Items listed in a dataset
────

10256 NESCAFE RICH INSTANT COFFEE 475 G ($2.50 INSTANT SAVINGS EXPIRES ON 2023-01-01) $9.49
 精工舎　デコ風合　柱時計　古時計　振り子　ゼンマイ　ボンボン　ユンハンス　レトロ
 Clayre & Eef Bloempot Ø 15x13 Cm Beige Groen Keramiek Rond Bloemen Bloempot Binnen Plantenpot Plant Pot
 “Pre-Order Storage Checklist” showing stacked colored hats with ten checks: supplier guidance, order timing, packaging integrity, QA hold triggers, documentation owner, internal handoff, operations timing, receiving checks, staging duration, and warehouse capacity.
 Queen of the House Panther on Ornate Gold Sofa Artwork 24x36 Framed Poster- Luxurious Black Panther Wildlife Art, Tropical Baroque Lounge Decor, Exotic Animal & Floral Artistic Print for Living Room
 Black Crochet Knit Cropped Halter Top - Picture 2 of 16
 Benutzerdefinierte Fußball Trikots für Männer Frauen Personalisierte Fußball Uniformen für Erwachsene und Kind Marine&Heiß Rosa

────

Your instructions —
Please state how many lines in the entries above include the word "Black", giving only the number.

Task solution —
2